To commemorate the Diamond Jubilee of Queen Elizabeth II’s 60 years on the throne, Google with Historypin launched an interactive online gallery “Pinning The Queen’s History.”
The gallery is filled with memories of Her Majesty’s photographic images, videos and audio clips pinned directly onto a Google Map on the dedicated Historypin site, and to let anyone see historical images in modern context within Google Maps.
History pin is also inviting people from around the world to submit photos, videos and other memories of The Queen during these visits.
“Using Google Maps and Street View, the Historypin platform enables you to pinpoint the exact location of where the imagery was captured. They’ll be overlaid onto Street View, so you can compare glimpses of the Queen’s 60-year reign with how they look today. Throughout her six decades on the throne,” informs Google.
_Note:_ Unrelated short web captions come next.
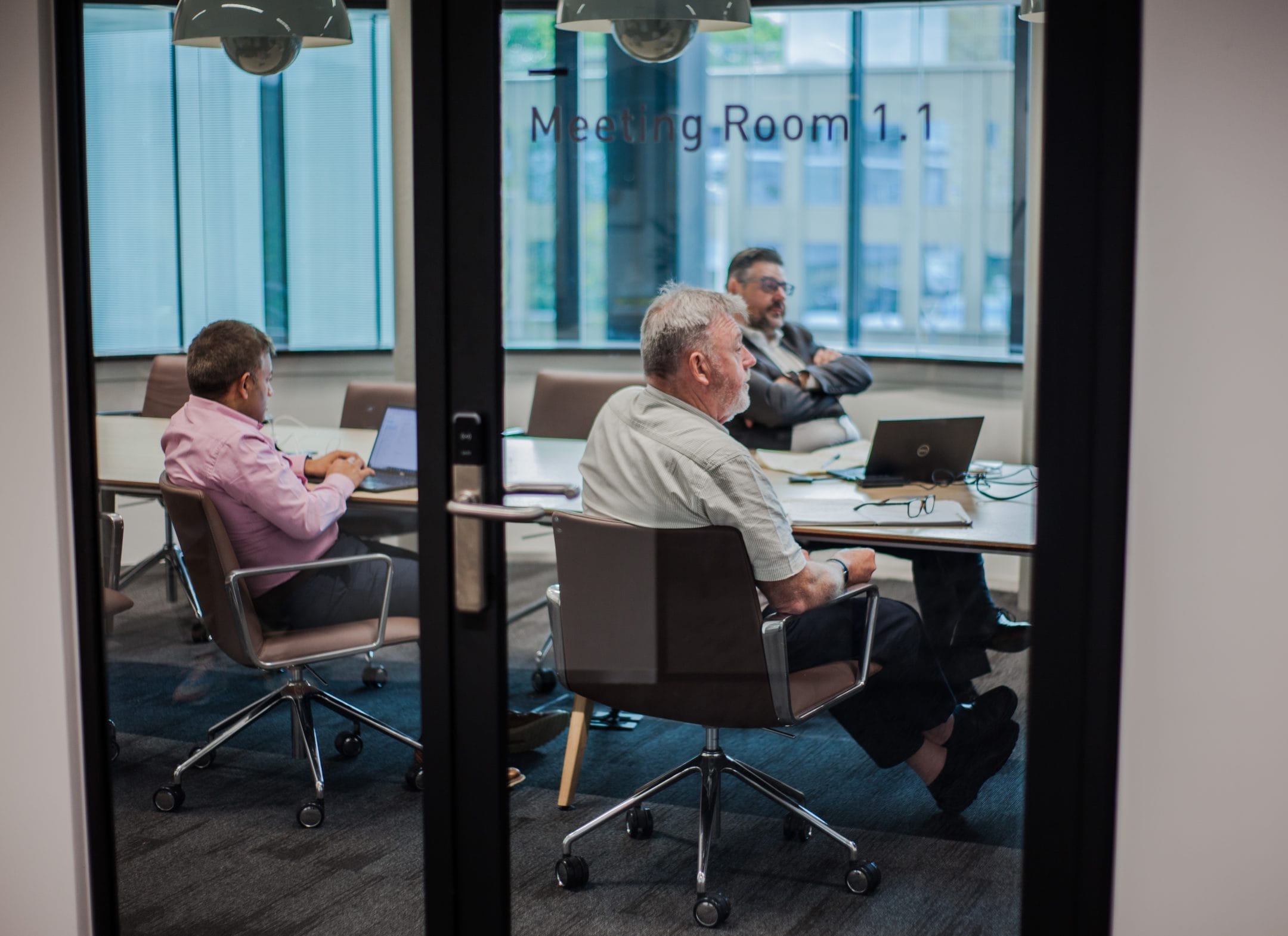 Three men in a modern meeting room, viewed through a glass door marked "meeting room 1.1" in an innovative coworking environment. Two are seated at a table facing a laptop, and An image from EDGE Workspaces.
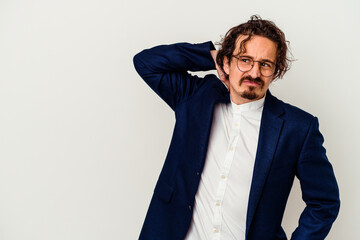 Young business man isolated on white background touching back of head, thinking and making a choice.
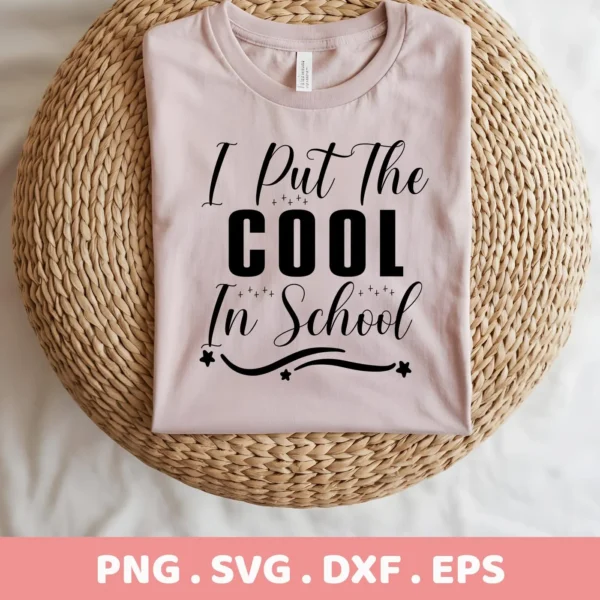 A folded light pink t-shirt with the text "I Put The COOL In School" in black lettering, displayed on a round woven mat, representing a Cool School SVG Design available as a digital download bundle (SVG, PNG).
The collection has been boosted by the provision of images from The Queen’s overseas visits taken by press photographers, and by photographs of items from the Buckingham Palace’s Royal Archives. The Queen has undertaken hundreds of visits around the United Kingdom and 261 official overseas visits to 116 different countries.
“Items from the Royal Archives include the sitar presented to The Queen during her visit to India in 1997, an earthenware vase presented to the Queen by the Prime Minister of Japan and a map showing the air routes around South Australia during the 1954 Commonwealth Tour,” Google added.
You can submit your memories of The Queen at www.historypin.com/DiamondJubilee/.
Update 04/16: Google created a 3D aerial view video of the procession route, providing a virtual tour of the landmarks that The Queen will pass.
“The procession starts with a view of New Palace Yard, leading up through Whitehall, past the Cenotaph war memorial, a focal point for Remembrance Sunday. It then moves on to pass Downing Street, home of the British Prime Minister and around Trafalgar Square. The route then goes through Admiralty Arch before heading up the Mall and ending at Buckingham Palace,” Google informs.
With the summer of 2012 is set to draw in millions of visitors to the UK. To explore London landmarks in Google Earth, check the 3D buildings box in the left-hand panel under “Layers,” then type “London” in the search bar on the top left and use the navigation controls in the upper right to zoom in, spin around and tilt the view. Alternatively, you can go to Earth View on Google Maps in your browser.